* TASK TO COMPLETE *
Among the records, which lines include "online"? List them.

* RECORDS PROVIDED *
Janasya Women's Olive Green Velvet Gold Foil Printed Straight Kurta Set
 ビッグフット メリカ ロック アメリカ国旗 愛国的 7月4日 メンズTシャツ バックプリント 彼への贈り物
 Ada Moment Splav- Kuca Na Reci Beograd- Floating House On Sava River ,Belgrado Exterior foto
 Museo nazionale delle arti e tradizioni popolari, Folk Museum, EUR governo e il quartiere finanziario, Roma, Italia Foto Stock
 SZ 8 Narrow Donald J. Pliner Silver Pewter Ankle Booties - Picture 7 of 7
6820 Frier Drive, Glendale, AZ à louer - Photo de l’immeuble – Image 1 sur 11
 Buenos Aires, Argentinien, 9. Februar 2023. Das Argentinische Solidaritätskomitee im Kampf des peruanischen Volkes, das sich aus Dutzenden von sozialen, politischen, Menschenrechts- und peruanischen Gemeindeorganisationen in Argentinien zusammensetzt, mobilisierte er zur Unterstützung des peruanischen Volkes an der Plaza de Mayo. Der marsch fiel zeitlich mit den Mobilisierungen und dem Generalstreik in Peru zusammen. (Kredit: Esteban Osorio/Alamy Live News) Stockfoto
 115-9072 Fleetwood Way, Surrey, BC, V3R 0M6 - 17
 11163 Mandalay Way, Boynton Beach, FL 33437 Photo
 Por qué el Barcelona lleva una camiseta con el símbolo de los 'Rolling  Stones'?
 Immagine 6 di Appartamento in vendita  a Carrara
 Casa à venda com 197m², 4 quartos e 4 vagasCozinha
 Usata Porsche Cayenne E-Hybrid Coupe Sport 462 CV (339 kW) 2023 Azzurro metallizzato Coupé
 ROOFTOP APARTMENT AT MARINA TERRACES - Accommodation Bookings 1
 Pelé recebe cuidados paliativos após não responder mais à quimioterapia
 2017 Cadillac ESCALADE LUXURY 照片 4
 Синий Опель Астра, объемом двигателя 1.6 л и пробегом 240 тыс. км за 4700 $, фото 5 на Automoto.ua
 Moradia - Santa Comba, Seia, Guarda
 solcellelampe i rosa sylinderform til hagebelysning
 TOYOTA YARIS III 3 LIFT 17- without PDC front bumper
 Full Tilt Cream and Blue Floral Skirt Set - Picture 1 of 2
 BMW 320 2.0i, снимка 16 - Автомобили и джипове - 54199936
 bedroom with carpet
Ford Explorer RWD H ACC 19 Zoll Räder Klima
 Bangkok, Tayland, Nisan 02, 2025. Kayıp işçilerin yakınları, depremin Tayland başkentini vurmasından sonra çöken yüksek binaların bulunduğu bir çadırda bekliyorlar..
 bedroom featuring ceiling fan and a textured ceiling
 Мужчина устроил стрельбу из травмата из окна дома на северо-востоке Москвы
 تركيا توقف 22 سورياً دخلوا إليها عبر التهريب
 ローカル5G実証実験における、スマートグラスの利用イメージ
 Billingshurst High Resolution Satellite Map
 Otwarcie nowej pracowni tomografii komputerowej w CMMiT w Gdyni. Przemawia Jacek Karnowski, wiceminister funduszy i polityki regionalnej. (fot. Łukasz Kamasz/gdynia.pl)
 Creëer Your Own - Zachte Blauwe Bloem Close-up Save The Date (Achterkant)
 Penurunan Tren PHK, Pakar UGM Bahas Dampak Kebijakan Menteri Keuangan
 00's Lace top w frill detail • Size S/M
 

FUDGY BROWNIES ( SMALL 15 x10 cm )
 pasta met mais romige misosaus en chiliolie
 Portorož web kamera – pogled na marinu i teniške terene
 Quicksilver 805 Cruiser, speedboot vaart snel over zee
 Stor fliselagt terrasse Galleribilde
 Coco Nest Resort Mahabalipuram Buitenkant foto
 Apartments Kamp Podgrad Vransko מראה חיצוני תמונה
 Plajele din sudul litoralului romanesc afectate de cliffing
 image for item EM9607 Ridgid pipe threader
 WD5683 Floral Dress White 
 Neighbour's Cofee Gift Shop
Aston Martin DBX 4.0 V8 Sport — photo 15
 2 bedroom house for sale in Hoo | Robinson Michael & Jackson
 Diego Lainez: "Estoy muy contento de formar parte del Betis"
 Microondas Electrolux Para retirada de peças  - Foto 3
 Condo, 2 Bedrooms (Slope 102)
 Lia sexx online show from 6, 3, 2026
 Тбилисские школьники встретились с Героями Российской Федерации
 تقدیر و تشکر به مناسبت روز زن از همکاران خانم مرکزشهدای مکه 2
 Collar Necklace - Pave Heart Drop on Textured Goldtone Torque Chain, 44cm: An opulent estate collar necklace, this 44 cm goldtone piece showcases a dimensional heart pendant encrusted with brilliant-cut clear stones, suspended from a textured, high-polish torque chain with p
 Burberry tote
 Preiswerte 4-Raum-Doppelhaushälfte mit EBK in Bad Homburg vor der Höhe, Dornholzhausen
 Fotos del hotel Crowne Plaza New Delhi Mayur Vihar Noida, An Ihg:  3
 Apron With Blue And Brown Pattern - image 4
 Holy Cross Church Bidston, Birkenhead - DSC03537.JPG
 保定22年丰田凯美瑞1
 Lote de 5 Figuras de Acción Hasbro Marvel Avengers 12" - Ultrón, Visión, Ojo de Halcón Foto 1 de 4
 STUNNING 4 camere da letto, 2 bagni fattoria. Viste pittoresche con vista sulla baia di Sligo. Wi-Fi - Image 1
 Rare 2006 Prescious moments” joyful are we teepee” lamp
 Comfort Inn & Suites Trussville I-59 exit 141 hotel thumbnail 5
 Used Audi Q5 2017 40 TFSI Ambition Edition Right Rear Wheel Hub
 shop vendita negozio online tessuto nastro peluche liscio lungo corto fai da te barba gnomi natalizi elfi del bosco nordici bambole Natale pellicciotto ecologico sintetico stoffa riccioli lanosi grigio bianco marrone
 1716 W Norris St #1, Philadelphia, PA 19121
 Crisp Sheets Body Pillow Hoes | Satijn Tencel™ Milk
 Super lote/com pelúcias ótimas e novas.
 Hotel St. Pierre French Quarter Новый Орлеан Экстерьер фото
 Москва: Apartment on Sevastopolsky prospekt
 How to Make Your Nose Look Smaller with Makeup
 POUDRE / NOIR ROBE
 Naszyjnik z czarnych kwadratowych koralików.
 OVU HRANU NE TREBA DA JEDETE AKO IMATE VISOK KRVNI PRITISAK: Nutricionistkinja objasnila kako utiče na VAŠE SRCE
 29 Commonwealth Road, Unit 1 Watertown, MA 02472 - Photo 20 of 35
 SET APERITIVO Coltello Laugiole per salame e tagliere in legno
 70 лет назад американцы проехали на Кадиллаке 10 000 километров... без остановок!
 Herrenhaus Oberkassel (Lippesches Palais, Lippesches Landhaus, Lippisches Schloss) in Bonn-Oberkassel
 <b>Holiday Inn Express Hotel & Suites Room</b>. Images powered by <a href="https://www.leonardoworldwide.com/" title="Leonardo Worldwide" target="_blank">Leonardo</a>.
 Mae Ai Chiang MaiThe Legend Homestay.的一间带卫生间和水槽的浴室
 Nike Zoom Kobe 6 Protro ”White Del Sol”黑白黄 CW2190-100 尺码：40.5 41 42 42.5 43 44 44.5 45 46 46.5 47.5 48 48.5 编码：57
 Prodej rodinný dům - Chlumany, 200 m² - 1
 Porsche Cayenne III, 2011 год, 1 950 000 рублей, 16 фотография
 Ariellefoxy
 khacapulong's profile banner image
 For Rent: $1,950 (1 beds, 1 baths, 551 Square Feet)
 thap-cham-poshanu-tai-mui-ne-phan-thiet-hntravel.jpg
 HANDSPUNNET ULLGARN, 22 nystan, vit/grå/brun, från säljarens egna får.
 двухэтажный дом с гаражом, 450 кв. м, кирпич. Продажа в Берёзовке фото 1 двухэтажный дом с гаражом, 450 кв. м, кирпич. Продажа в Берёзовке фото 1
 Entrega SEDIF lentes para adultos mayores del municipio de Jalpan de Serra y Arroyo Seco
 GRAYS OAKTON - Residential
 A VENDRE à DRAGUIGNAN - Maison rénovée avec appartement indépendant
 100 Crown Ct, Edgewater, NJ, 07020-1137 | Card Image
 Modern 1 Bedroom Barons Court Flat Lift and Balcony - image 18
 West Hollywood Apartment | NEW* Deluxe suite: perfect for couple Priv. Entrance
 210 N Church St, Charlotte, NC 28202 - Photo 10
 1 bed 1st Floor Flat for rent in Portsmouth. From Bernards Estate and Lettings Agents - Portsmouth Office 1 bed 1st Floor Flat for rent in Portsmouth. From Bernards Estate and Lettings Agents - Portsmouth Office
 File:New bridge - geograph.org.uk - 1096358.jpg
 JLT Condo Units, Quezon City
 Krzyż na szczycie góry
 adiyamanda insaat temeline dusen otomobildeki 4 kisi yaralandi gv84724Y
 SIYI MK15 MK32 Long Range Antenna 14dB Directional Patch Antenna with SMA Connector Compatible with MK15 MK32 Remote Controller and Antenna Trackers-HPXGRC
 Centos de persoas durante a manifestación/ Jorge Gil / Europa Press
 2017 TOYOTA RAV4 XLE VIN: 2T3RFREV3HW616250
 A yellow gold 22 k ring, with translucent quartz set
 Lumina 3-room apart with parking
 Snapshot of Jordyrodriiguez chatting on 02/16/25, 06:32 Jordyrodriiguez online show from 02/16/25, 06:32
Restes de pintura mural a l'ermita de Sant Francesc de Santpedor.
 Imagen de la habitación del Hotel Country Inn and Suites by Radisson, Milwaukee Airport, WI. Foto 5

* OUTPUT FOR THIS EXERCISE *
 Lia sexx online show from 6, 3, 2026
 shop vendita negozio online tessuto nastro peluche liscio lungo corto fai da te barba gnomi natalizi elfi del bosco nordici bambole Natale pellicciotto ecologico sintetico stoffa riccioli lanosi grigio bianco marrone
 Snapshot of Jordyrodriiguez chatting on 02/16/25, 06:32 Jordyrodriiguez online show from 02/16/25, 06:32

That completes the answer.